_WHAT TO DO_: Under this line are the records; repeat exactly the lines starting at the one containing "So, it supports" and ending at the one containing "Now if you've", omitting pictures.

_INPUT DATA_:
────

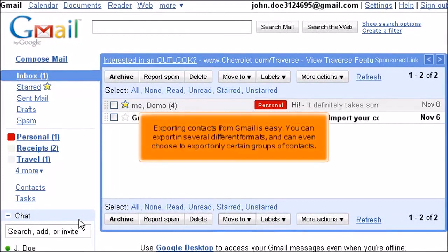Exporting contacts from Gmail is easy. You can export in several different formats and even choose to export only certain groups of contacts.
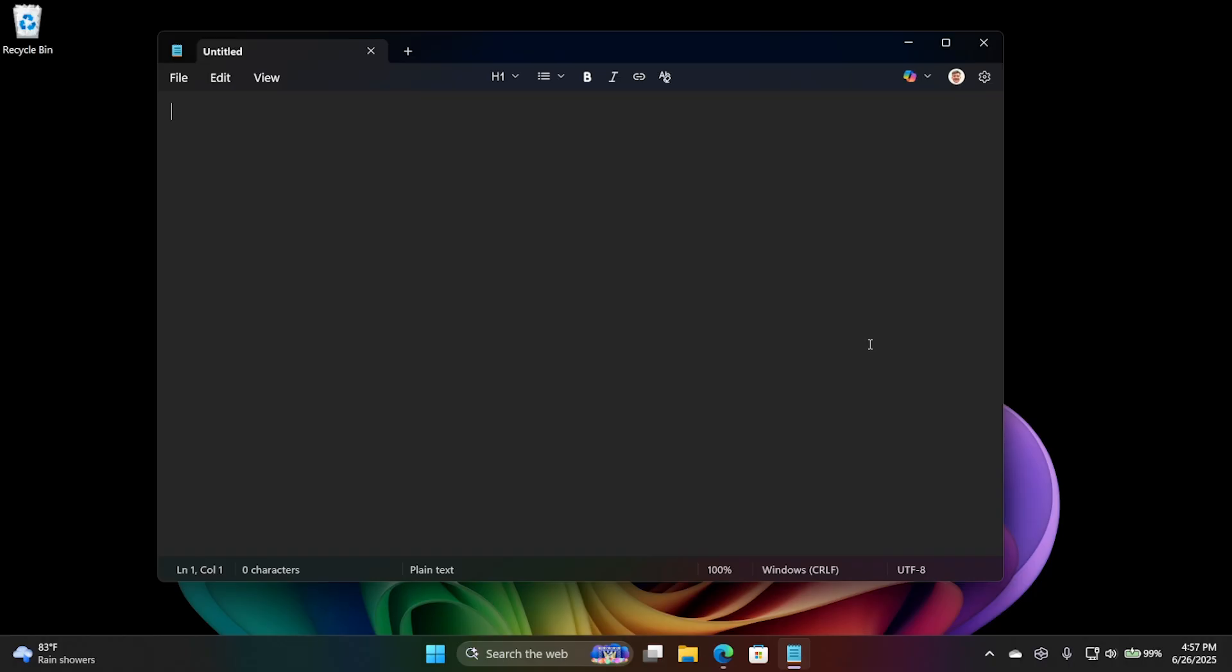So, it supports markdown files, which are .md as opposed to .txt. And it supports markdown style input, but not really, right?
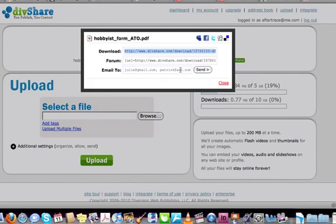Now if you've uploaded an MP3 or a movie, it will also give you links to embed the MP3 and the movie player in your blog. Whether or not this will work depends on whether your blog will support it. Either way, being able to download it is enough.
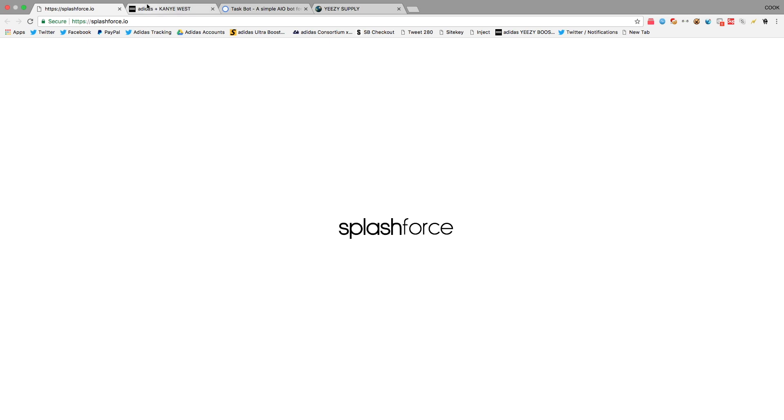For Adidas, the bot I use is Splash Force. Splash Force is currently sold out. They randomly restock, I'm not sure when. I think you guys can check their Twitter, just look up Splash Force on Twitter or something. It retails for $300, but comes with 5 PC activations, so you can use it on 5 different servers.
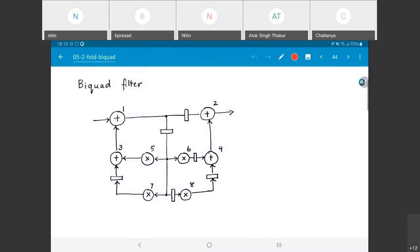The biquad filter is a detailed example to show how folding actually works and how it can be implemented in practice. This biquad filter is an IIR filter structure, usually called a second-order section. In many filter implementations, second-order sections are used as building blocks, and larger higher-order filters are composed as a cascade of such sections because they have nice stability properties.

────

_ANSWER AREA_:
So, it supports markdown files, which are .md as opposed to .txt. And it supports markdown style input, but not really, right?
Now if you've uploaded an MP3 or a movie, it will also give you links to embed the MP3 and the movie player in your blog. Whether or not this will work depends on whether your blog will support it. Either way, being able to download it is enough.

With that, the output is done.